Every record below is to be restated verbatim, though its images are not.

Content starts

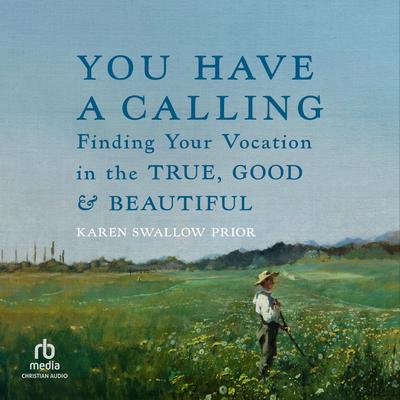 You Have a Calling by Karen Swallow Prior audiobook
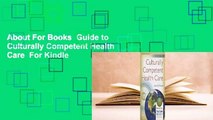 About For Books  Guide to Culturally Competent Health Care  For Kindle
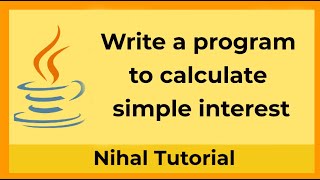 Write a program to calculate simple interest in Java | Bluej | Java Program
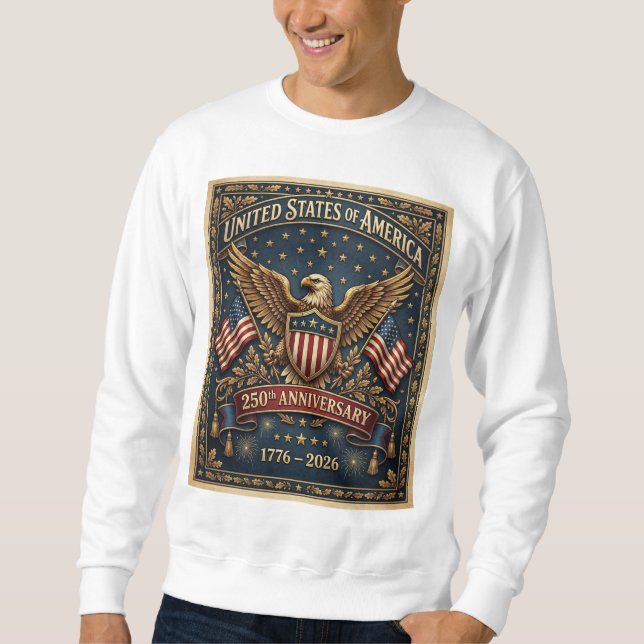 Amerikas 250. Version 1    Sweatshirt (Vorderseite)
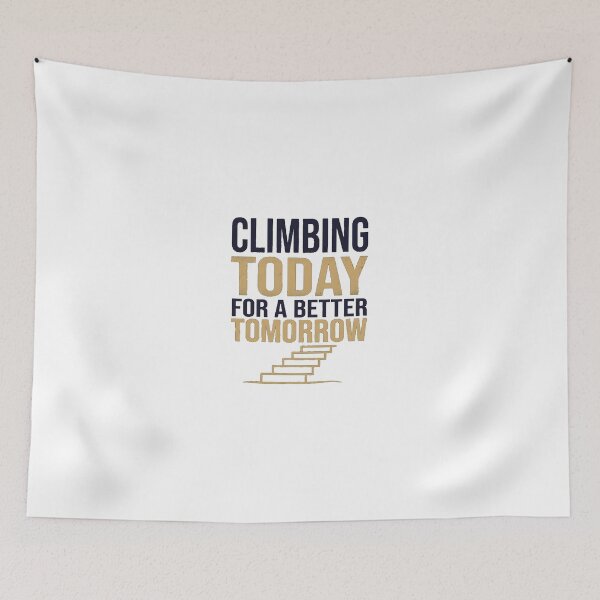 Item preview, Climbing Today For A Better Tomorrow - Motivational Quote designed and sold by ys96.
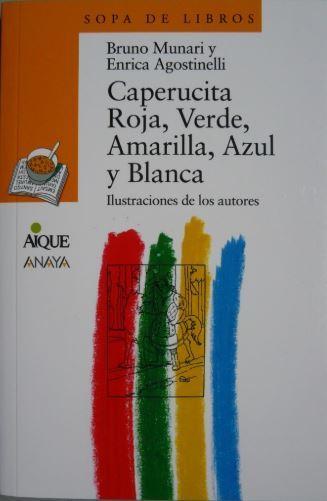 Caperucita Roja, Verde, Amarilla, Azul y Blanca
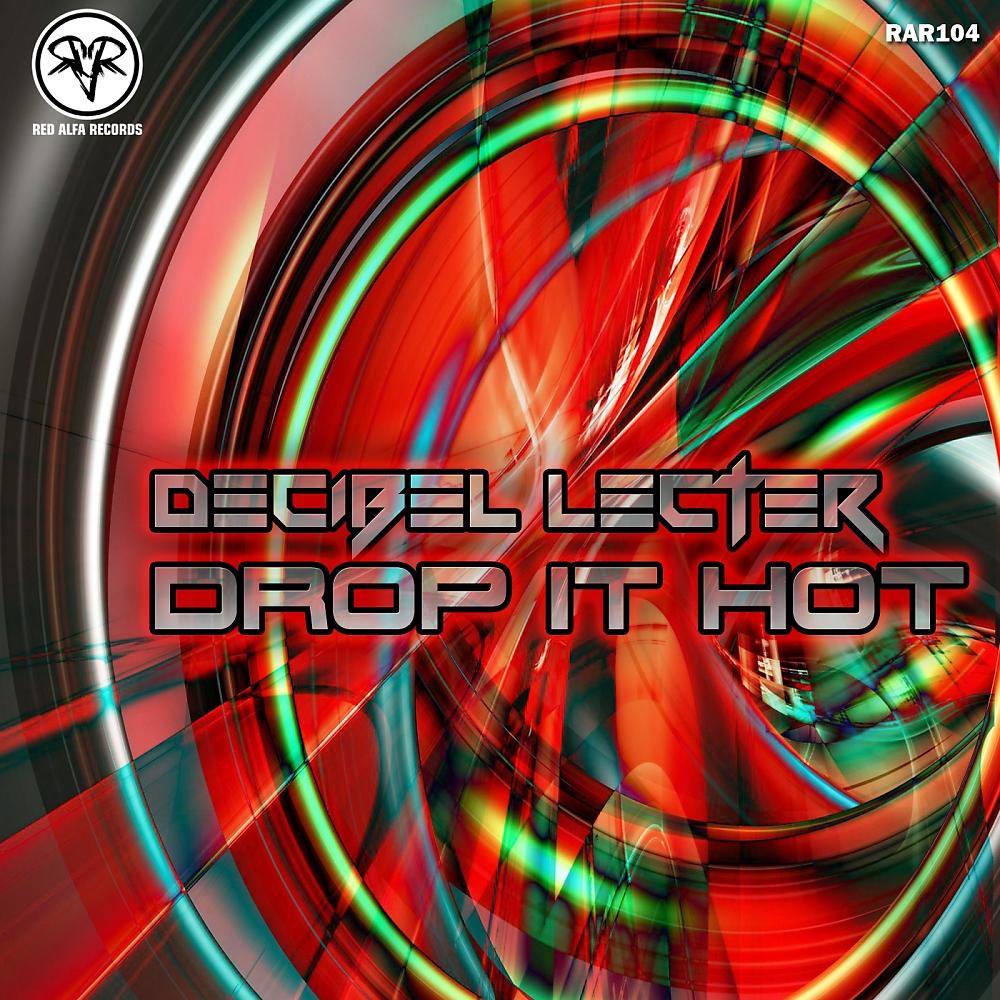 Постер альбома Drop It Hot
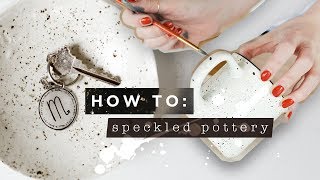 YOU NEED TO TRY DIY SPECKLED POTTERY [upl. by Manly]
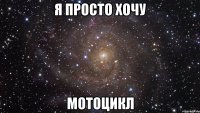 я просто хочу мотоцикл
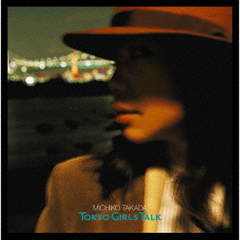 TOKYO GIRLS TALK [Blu-spec CD2]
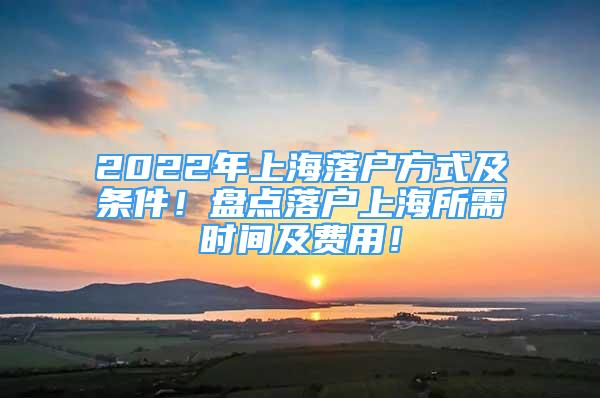 2022年上海落戶方式及條件！盤點(diǎn)落戶上海所需時(shí)間及費(fèi)用！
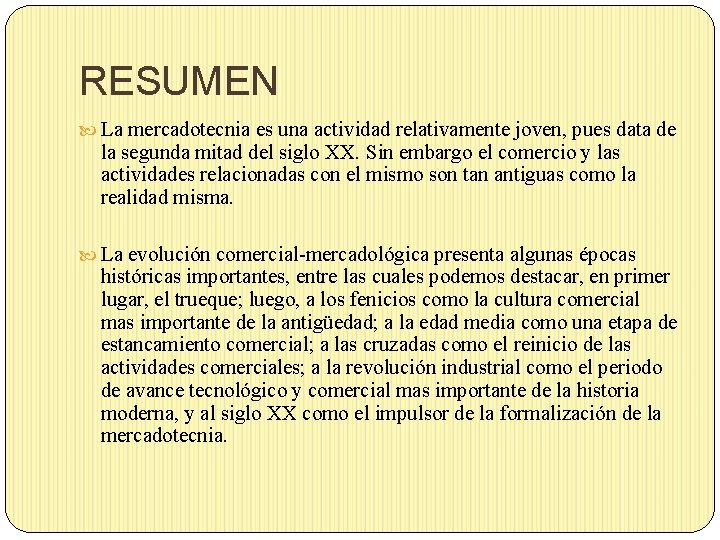 RESUMEN La mercadotecnia es una actividad relativamente joven, pues data de la segunda mitad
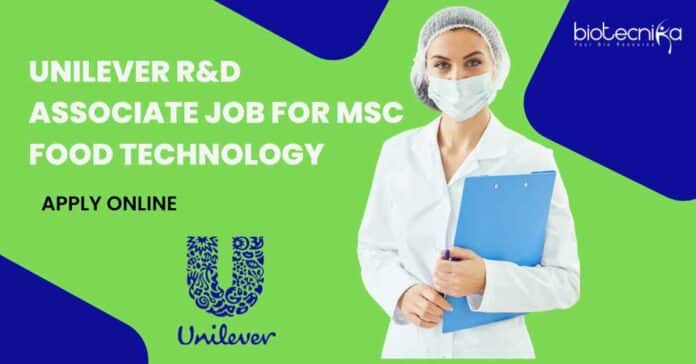 Unilever R&D Associate Job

Content ends

> Exercise response
 You Have a Calling by Karen Swallow Prior audiobook
 About For Books  Guide to Culturally Competent Health Care  For Kindle
 Write a program to calculate simple interest in Java | Bluej | Java Program
 Amerikas 250. Version 1    Sweatshirt (Vorderseite)
 Item preview, Climbing Today For A Better Tomorrow - Motivational Quote designed and sold by ys96.
 Caperucita Roja, Verde, Amarilla, Azul y Blanca
 Постер альбома Drop It Hot
 YOU NEED TO TRY DIY SPECKLED POTTERY [upl. by Manly]
 я просто хочу мотоцикл
 TOKYO GIRLS TALK [Blu-spec CD2]
 2022年上海落戶方式及條件！盤點(diǎn)落戶上海所需時(shí)間及費(fèi)用！
 RESUMEN La mercadotecnia es una actividad relativamente joven, pues data de la segunda mitad
 Unilever R&D Associate Job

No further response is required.